Great article on our friend and client, Jay Weatherly for his wonderful work and handcrafted coffee at High Five Coffee Bar. Thanks Jay for the shout out to Atlas Branding in your article. Read the full story in the Mountain Xpress.

Quick blurb from the article: 

Weatherly decided to announce his business’ evolution with a rebranding. “It felt like the right time,” he says, “a way to clear some confusion and to express that we’ve grown — not just that we’re different from the Black Mountain Dripolator, but that we’re different than what we were five years ago.”

So Weatherly and his wife, Kim Hunt — who is also co-owner — came up with the new name: High Five Coffee Bar. “We picked [it] on my back porch after months of discovering what names were taken,” he explains. “It was an intense, long process to come up with a name and to pay heed to intellectual property rights.” He wanted a name that was friendly and welcoming, not serious or pretentious. “And I like to give high fives,” he says, grinning. He hired Asheville-based Atlas Branding & Design to turn the name into a new logo.

Weatherly saw the change as an opportunity to update the menu and the space itself as well. “We honed in on … the options we offer … with our coffee; they’re going to be crafted at the same level as our coffee.” For instance, instead of using flavorings containing corn syrup, High Five staff now make all of their flavorings in-house.

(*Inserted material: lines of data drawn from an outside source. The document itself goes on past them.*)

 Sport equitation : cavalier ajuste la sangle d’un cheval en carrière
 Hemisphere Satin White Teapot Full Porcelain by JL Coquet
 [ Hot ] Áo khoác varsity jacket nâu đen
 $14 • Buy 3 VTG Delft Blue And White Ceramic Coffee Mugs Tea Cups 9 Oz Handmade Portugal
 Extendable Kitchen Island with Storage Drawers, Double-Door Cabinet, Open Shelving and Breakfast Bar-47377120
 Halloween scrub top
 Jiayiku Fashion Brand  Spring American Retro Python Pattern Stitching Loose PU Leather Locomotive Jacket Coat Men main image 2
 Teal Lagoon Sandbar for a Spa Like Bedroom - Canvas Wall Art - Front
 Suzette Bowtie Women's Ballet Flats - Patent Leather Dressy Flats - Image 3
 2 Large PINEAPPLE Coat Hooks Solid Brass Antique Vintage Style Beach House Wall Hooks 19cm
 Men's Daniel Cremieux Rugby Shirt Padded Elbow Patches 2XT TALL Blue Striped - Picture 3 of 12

To upgrade the interior as well, Weatherly solicited feedback from his loyal customers. “I sent out a questionnaire asking, ‘What do or don’t you like? What would you change?’ And one of the suggestions was more seating.” He removed some of the two-top tables and built two bars, which added six more seats. “Bars encourage a communal seating atmosphere — you can sit down and do your own thing, or you can have a conversation with someone you don’t know. Philosophically, that’s what a coffee shop is there to be.”

What has not changed during the rebranding is Weatherly’s commitment to quality and fairness. As a product of working in coffee shops in the 1990s, when public awareness of the fair-trade coffee industry was blossoming, the integrity of the coffee production chain is one his top priorities.

“Our roasting company, [Durham, N.C.-based] Counter Culture Coffee, works directly with producers to make sure the condition of the farm has a sustainable view of how it’s growing down the road — it’s a ‘seed to cup’ perspective. That’s why I choose this coffee, and train my people the way I do.”